[To do]:
Return the entries in their entirety, precisely as given.

[Exercise materials]:
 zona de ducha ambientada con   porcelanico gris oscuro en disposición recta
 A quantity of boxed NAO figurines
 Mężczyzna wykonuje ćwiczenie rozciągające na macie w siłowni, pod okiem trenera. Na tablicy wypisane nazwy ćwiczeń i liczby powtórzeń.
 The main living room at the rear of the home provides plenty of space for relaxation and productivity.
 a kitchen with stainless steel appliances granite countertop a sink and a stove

[The completed task]:
 zona de ducha ambientada con   porcelanico gris oscuro en disposición recta
 A quantity of boxed NAO figurines
 Mężczyzna wykonuje ćwiczenie rozciągające na macie w siłowni, pod okiem trenera. Na tablicy wypisane nazwy ćwiczeń i liczby powtórzeń.
 The main living room at the rear of the home provides plenty of space for relaxation and productivity.
 a kitchen with stainless steel appliances granite countertop a sink and a stove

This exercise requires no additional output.